The Zihuatanejo Project was a psychedelic training center and intentional community created during the beginning of the counterculture of the 1960s by Timothy Leary and Richard Alpert under the umbrella of their nonprofit group, the International Federation for Internal Freedom (IFIF). The community was located in Zihuatanejo, Guerrero, Mexico, and took up residence at the Hotel Catalina in the summers of 1962 and 1963.
Leary and Alpert first discovered the town of Zihuatanejo in 1960. After the Marsh Chapel Experiment in 1962 they decided the area would make a good location for a training center. The idea for the community was influenced by Aldous Huxley's fictional novel, Island (1962).
Thousands of people applied to the IFIF in the hopes of joining the project in Zihuatanejo. Out of this pool of applicants, a small, select group of people were chosen. Amenities cost $200 a month per person, including food and lodging in bungalows near a secluded beach. Fishermen supplied a bounty of fresh fish from the bay. During the first training session in 1962, Leary and 35 guests rented the Catalina Hotel for a month using their own version of the Tibetan Book of the Dead as a guide book for LSD sessions; Ralph Metzner and Richard Alpert helped manage the group. Group LSD sessions began in the morning with the consumption of liquid LSD, with a dosage of 100 to 500 micrograms ingested by participating individuals; the experience would usually last until late afternoon.

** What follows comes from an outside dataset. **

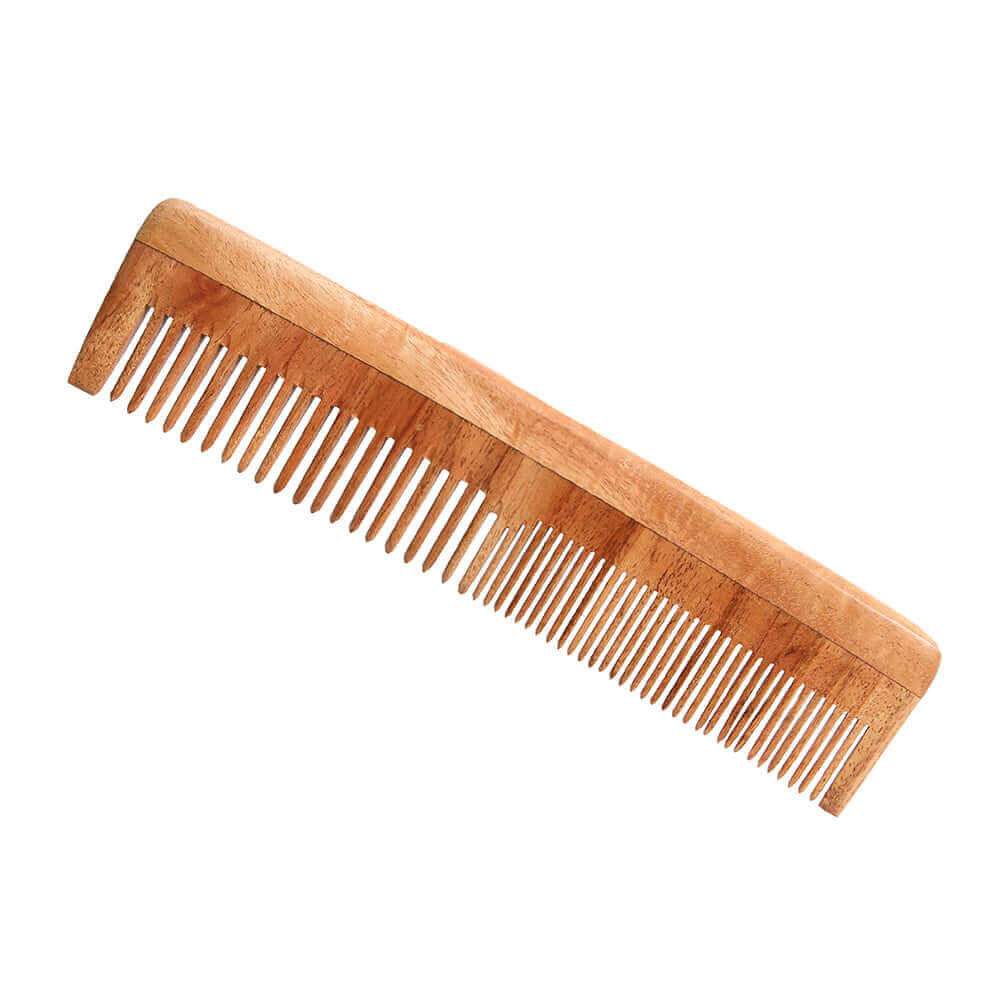 Wooden comb on a white background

Immigration officials were tipped off to the project when the Mexican media began reporting stories about an "LSD Paradise". In the summer of 1963, after only six weeks (May 1 - June 16) the Mexican authorities shut the community down. Officials removed the group from Zihuatanejo and sent them to Mexico City aboard a chartered DC-3. Several failed attempts were made to move the training center to Dominica and Antigua. In August 1963, with the help of wealthy patrons, Leary and their group moved to Millbrook, New York, where they stayed until 1968.